Martedì 2 giugno, alle ore 10.30, in piazza Aranci, si svolgerà la cerimonia ufficiale per l’80° anniversario della Festa della Repubblica, promossa dalla Prefettura di Massa Carrara.
L’evento rappresenterà un momento di riflessione sui valori fondanti della democrazia italiana e sulla nascita della Repubblica, avvenuta nel 1946 quando, attraverso il referendum istituzionale del 2 e 3 giugno, gli italiani furono chiamati a scegliere tra monarchia e repubblica. Per la prima volta nella storia del Paese votarono anche le donne, segnando una svolta epocale nella vita democratica nazionale. La Repubblica ottenne oltre 12 milioni di voti contro i circa 10 milioni raccolti dalla monarchia, inaugurando una nuova fase della storia italiana culminata poi con l’entrata in vigore della Costituzione il 1° gennaio 1948.
Ottant’anni dopo, la ricorrenza continua a rappresentare un simbolo di unità nazionale, partecipazione civile e rispetto delle istituzioni.
Nel corso della manifestazione, il Prefetto di Massa Carrara Gaetano Cupello consegnerà le onorificenze dell’Ordine al Merito della Repubblica Italiana ai cittadini residenti nei comuni della provincia che si sono distinti per il loro impegno professionale, sociale e civile.
Tra gli insigniti del titolo di Ufficiale figura Dino Gerini.
Riceveranno invece il titolo di Cavaliere
Pierlio Baratta, Massimo Barbieri, Renzo Bellotti, Sergio Bologna, Antonio Dulvi Corcione, Giorgio Gronchi, Francesco Lorieri, Daniela Marzano, Michelangelo Pieroni e Andrea Corbani.

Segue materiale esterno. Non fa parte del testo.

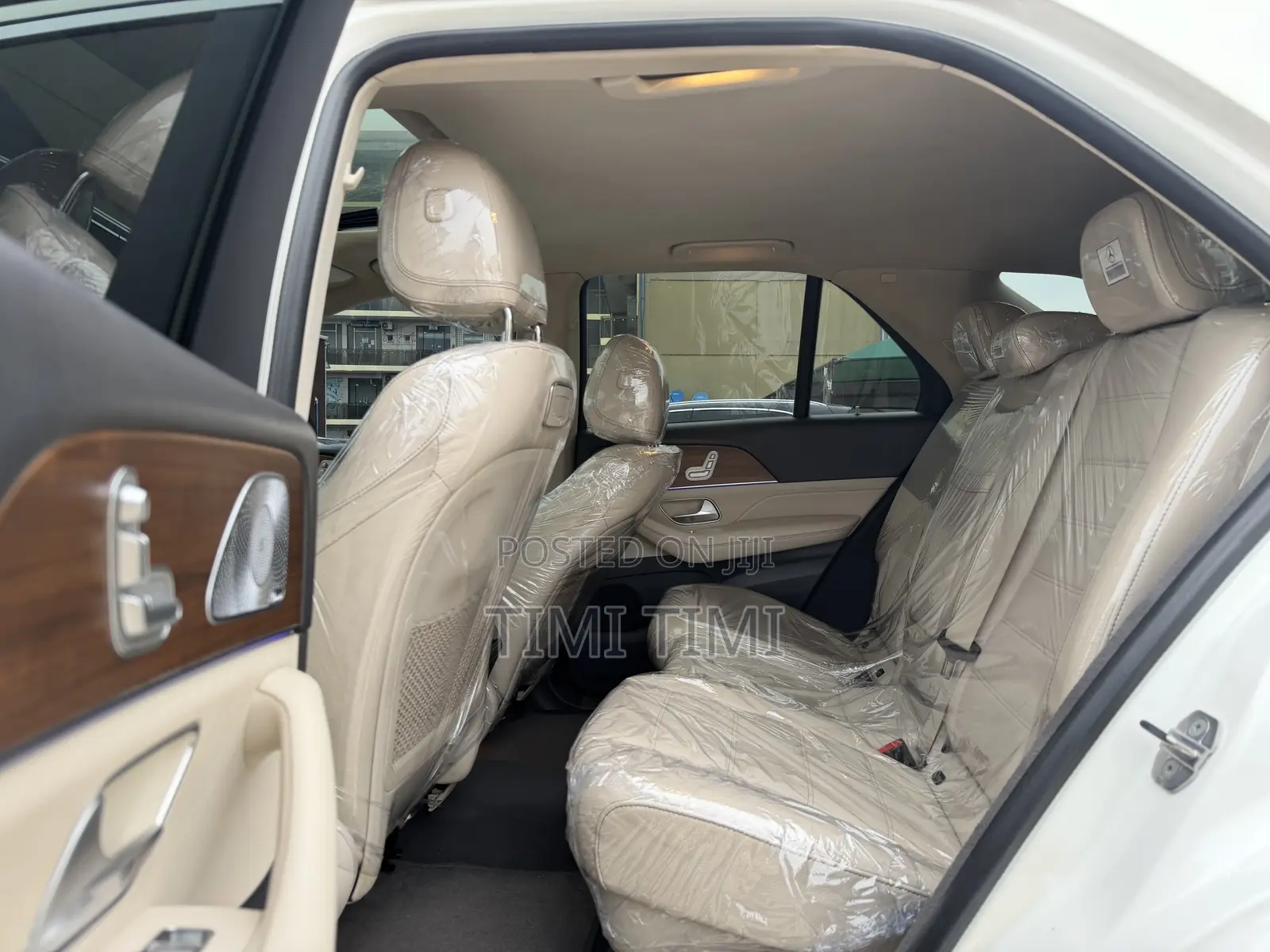 Mercedes-Benz GLE-Class GLE 450 4MATIC 2020 White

L’Ordine al Merito della Repubblica Italiana, istituito nel 1951, rappresenta la più alta onorificenza della Repubblica e viene conferito dal Presidente della Repubblica a cittadini che abbiano acquisito particolari benemerenze nei confronti della Nazione nei campi delle scienze, delle lettere, delle arti, dell’economia, del lavoro, dell’attività sociale e del servizio pubblico.
La cerimonia di piazza Aranci sarà dunque non solo un momento celebrativo per l’anniversario della Repubblica, ma anche un’occasione per rendere omaggio a cittadini che con il proprio impegno hanno contribuito alla crescita e al prestigio del territorio provinciale.